Nelle varie sedi l’Amministrazione Pais Becher aveva fatto presente che in relazione alla continuità del vincolo per quanto riguarda il Comune di Auronzo di Cadore questa è già garantita totalmente dagli attuali vincoli paesaggistici esistenti e applicati dal Comune in ogni attività edilizia. In particolare si ricorda che tutto il territorio comunale a nord del centro urbano di Auronzo è considerato di alto valore paesaggistico a seguito dell’approvazione del Piano d’Area Auronzo – Misurina da parte della Regione Veneto con Deliberazione di Consiglio Regionale n. 61 del 30.07.1999. Il Comune di Auronzo di Cadore, pertanto, assoggetta già tutta l’area a vincolo paesaggistico, per oltre il 90% del proprio territorio. L’applicazione dei vincoli della Legge Galasso, decreto legge 42/2004, comporta l’estensione di detto vincolo alle parti urbane di Auronzo nella bassa Val d’Ansiei, escludendo una fascia di circa 200 m tra il vincolo derivante dal Fiume Ansiei alla fascia effettivamente boscata presente sui versanti e solo in sinistra idrografica della valle. Nello specifico il Comune di Auronzo di Cadore ha sempre considerato assoggettato a vincolo paesaggistico il territorio effettivamente boscato e non solo quello derivante dalle carte tematiche del territorio boscato, vincolando di fatto tutti versanti vallivi.
Purtroppo ogni tentativo di dialogo è stato vano, il vincolo è stato applicato con un aumento della burocrazia e delle tempistiche per i cittadini, mentre i Comuni interessati, insieme alla Provincia di Belluno e alla Regione Veneto, hanno dovuto ricorrere al TAR del Veneto, che aveva dato loro ragione nel 2022.

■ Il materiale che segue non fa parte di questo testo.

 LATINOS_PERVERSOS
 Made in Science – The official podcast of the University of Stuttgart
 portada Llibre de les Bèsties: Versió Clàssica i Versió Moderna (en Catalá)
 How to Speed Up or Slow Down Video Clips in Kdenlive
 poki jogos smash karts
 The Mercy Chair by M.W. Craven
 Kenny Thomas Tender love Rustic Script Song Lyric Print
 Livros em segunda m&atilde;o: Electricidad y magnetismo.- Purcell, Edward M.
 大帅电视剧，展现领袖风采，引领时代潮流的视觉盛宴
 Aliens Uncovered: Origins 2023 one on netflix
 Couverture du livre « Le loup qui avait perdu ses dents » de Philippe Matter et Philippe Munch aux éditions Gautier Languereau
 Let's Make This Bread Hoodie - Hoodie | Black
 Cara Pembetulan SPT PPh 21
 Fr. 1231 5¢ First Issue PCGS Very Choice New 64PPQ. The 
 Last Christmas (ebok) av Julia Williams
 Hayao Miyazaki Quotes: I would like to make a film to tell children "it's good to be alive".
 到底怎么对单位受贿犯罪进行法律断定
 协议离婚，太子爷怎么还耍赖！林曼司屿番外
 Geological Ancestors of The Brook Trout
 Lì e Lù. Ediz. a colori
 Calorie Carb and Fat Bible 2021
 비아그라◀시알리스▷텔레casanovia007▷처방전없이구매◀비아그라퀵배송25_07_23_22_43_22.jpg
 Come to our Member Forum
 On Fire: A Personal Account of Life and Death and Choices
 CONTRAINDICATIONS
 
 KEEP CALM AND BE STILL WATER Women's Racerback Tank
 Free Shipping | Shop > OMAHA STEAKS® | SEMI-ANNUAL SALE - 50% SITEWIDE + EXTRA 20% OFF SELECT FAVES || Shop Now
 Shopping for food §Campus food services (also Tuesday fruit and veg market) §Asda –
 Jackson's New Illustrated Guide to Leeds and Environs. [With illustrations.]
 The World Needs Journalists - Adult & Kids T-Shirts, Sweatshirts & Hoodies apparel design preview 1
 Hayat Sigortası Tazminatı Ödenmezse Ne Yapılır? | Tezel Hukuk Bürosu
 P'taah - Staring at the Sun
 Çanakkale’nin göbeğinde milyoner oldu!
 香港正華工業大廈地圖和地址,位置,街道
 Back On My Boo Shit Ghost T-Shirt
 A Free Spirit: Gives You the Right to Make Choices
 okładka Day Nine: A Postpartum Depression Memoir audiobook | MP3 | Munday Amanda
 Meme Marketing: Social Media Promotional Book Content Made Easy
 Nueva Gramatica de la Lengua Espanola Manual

Ora che il Consiglio di Stato ha ribaltato di fatto la sentenza del TAR i Sindaci del Comelico hanno immediatamente convocato una riunione per concertare una posizione comune, dal Sindaco e dall’Amministrazione auronzana invece abbiamo assistito al silenzio assoluto. Come gruppo di minoranza chiediamo al Sindaco di Auronzo un’azione urgente e condivisa con i Sindaci del Comelico, così come fatto finora. Rammentiamo che il vincolo comporta un aumento della burocrazia e delle tempistiche per i nostri concittadini, in un’area che già sta soffrendo per lo spopolamento e la fuga dei giovani cervelli dalla montagna.